Here’s an edited Jupyter Notebook for the 1st place solution.
This version, running on 15 epochs per set, 40sec per epoch on 1080Ti, scores 0.519 on the Private LB to get a Silver Medal.

Or on nbviewer with a direct Download button (upper right corner)

6 Likes

With @radek’s comment, I got the “But of course !” moment about the 16 networks, each one dedicated to forecasting a single day of the 16 days in Test :upside_down_face:

Another thing I found very neat is his careful choice of validation dates: he didn’t go for the last 16 days before the Test starting date (2017-8-16) , bluntly that should be 2017-7-31 -> 8-15.

He chose instead the latest 16 days’ Train bracket which most resembled the 16 days’ Test, that is 2017-7-26 -> 8-9.

Doing so, he made sure the two sets had the same number of respective weekdays (like 3 medium sales volume Wednesdays/Thursdays, vs 3 low volume Mondays/Tuesdays.) + it fully captured the end-of-month week-end where payroll is about to drop but is a banking holiday for payment with credit/Visa cards, so people won’t be charged until next Monday (a validation starting on Monday July 31 would miss the boost of previous final friday/saturday of July).

There’s true business knowledge in Retail, imho.

2 Likes

I’m working on porting my simple NN from keras to fastai.

I ran into a problem with the apply_cats method. I created the categories on my training set but the test set has some item_nbr values not present in the training set.

I refactored to add an optional null_check. Since this has potential performance implications I left it as an optional check.

Posting here first to see if anyone has comments/feedback before submitting a pull request. This method is looking a bit awkward, probably ways to refactor.

def apply_cats(df, trn, null_check=False):
    for n,c in df.items():
        if (n in trn.columns) and (trn[n].dtype.name=='category'):
            df[n] = pd.Categorical(c, categories=trn[n].cat.categories, ordered=True)
            if null_check and df[n].isnull().values.any():
                raise ValueError(f'Target dataframe has null values for column {n}. This can occur if the target dataframe has category values not present in original.')

Today I ported my simple NN from Keras to fastai.

Here is the original Keras version and Here is the fastai version.

(I left out the data prep because it is the same.)

I tried to create the same model, loss functions, embeddings, etc. to see if I could get the same results.

It’s worth noting that this is an unusual dataset - so don’t draw any sweeping conclusions from the comparisons. I only have 4, features, 20K trainable params. There 37 million training examples.

Plus I could have made a mistake. :slight_smile: Maybe @jeremy will see something I missed.

Observations

Fastai is much, much easier to use than Keras.

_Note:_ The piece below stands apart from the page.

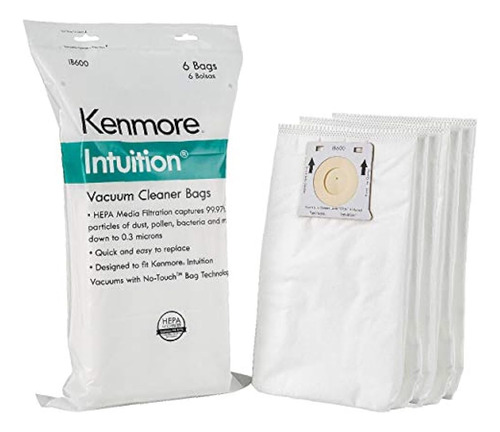 Kenmore Ib600 Hepa Reemplazo Intuición Bolsas De Aspiradora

I had to write much less code to prep for training. Building a custom loss function was trivially easy. Fastai has lots of helping functions that just makes it easier.

No way I’m going back to Keras.

Unfortunately my loss in the fastai model is about 2x worse than what I achieved in Keras.

Here is what I checked.

  • Feature engineering is the same. I ran the same python code as previously to get the 3 category and 1 continuous features.
  • The models have the same number of trainable parameters.
  • The models have the same loss function, MAE.
  • I normalized both targets using the same function.

Training the fastai model is 10-20x slower than Keras.

I think Keras is copying the entire dataset to the GPU and then doing the training. Since I’m using gigantic batch sizes it runs very fast in Keras, about 22 secs. Takes >5 mins in fastai.

Questions

  • Anyone have suggestions for speeding up the pytorch for situations like this? Worth noting that the winner used batch size of >65,000 as well.
  • Any suggestions for getting a lower validation MAE for the fastai version?

A bit of a long shot but the difference in training speed might be due to not using multiple cores for loading the data. Could you please check your CPU saturation using something like htop?

Slightly doubt this might be the culprit but was the best idea I got thus far.

(another thing would be pinning the memory - I think it might be an argument to one of the methods for dataset creation, maybe check the signatures and see if you can set it to true?)

Sorry for such far fetched ideas but that is all I have at this point… If the loss is twice as high then whatever other thing is amiss here might be causing the slowdown as well (some difference in architecture, etc).

1 Like

A bit of a long shot but the difference in training speed might be due to not using multiple cores for loading the data. Could you please check your CPU saturation using something like htop?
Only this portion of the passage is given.